Changing this lighting situation in real time is next to impossible with current engines.

This will also be a huge gift to filmmakers. Whether they use Unreal for their final render, or just for previs, having better quality, physically based lights will speed up their workflow and result in a better end product. Unreal already had a fantastic real time lighting system, this seems to be an improvement, and not reliant on Nvidia's RTX cards. The question then becomes, is this using a specific AMD Ray Tracing hardware, or is Unreal doing this all in software?

Audio

Up next they talk about improvements to audio. They talk about “convolution reverb”. Honestly, I’m going to need an audio engineer to tell me if what they showed off was cool. From what I gather, the engine is looking at the space, and adjusting echos to match. If so, I wonder if it is also taking into account the materials? I.e, a cave with stone walls would sound much different than one that is covered in moss.

Niagara

The bats they show off when they first talk about Niagara, Unreal’s particle system don’t look super impressive. I’m not sure how it is any different than what developers would do today.
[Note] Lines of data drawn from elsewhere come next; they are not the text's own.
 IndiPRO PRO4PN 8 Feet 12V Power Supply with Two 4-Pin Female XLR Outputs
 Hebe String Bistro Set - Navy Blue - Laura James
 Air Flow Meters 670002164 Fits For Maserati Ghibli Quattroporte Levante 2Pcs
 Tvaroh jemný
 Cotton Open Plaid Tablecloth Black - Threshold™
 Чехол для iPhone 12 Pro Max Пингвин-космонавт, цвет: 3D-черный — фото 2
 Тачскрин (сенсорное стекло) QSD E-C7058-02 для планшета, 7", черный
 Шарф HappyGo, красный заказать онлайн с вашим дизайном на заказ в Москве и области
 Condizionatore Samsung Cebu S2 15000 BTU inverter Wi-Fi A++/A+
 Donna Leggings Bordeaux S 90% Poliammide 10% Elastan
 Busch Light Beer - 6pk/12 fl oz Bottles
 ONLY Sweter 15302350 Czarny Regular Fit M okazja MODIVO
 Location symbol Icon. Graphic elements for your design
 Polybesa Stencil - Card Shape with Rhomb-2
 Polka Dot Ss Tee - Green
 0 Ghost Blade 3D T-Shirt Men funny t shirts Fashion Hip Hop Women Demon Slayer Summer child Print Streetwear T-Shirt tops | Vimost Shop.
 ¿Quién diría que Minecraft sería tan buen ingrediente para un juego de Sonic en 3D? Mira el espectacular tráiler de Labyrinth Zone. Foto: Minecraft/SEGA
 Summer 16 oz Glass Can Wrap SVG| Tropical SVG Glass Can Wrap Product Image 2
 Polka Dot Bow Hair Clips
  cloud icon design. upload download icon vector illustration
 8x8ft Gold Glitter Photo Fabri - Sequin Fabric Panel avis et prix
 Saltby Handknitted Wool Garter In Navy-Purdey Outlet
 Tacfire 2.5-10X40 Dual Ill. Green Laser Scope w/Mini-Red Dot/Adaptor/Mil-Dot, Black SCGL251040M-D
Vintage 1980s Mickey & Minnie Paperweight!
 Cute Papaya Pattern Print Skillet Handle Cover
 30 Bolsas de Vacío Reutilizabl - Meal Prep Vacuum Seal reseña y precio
The next time the talk about Niagara is much better, having insects reacting to light that is moving around is really cool. Much of this is in the current version of Niagara, so not a lot to cover. The fluid simulation they show doesn’t look that great.

Animation

They go on to briefly show some improvements to their animation system. Predictive foot placements and motion warping should help animations feel more natural, and contextual animation events would make things feel more lifelike. Honestly, I feel like every year or so we hear about these exact same improvements, and while it keeps getting better, it always leads to the engine unable to stick with one spot, so the character’s foot keeps moving around, or picking a super awkward position. Contextual animation events sound cool, and look good in a demo, but what if in this game, as the character reaches for the door, the player turns or backs up suddenly? In current games you’ll see a character put a hand on a door just like this, but usually control is taken away from the player and a scripting animation plays. So I’ll have to wait to see what developers actually come up with.

Hopefully we'll begin to see more of these contextual animations.

Animation is an area I’d like to see game engines put a lot more emphasis on. With the major improvements over the past several years to physically based rendering, real time lighting, higher and higher texture limits, environments are looking amazing. All that kinda breaks down if a character’s foot clips through a wall, or ragdolls in an unnatural way, or a character rotates without moving their feet. Hopefully the improvements Epic is discussing will help animators achieve the look they want.

Conclusion

All in all, I was impressed with the demo. Real time lighting is the future for games. Having it show up on consoles will certainly help push that forward. I’m also excited to see AMD embracing it. Since both the PS5 and Xbox Series X will feature the next generation of AMD’s video cards, I can’t wait to see what they have in store for PCs. I still have a lot of questions, and we will need to see how developers actually begin to add these features into their workflows. Sadly, it will be a year before we can begin using this version of Unreal.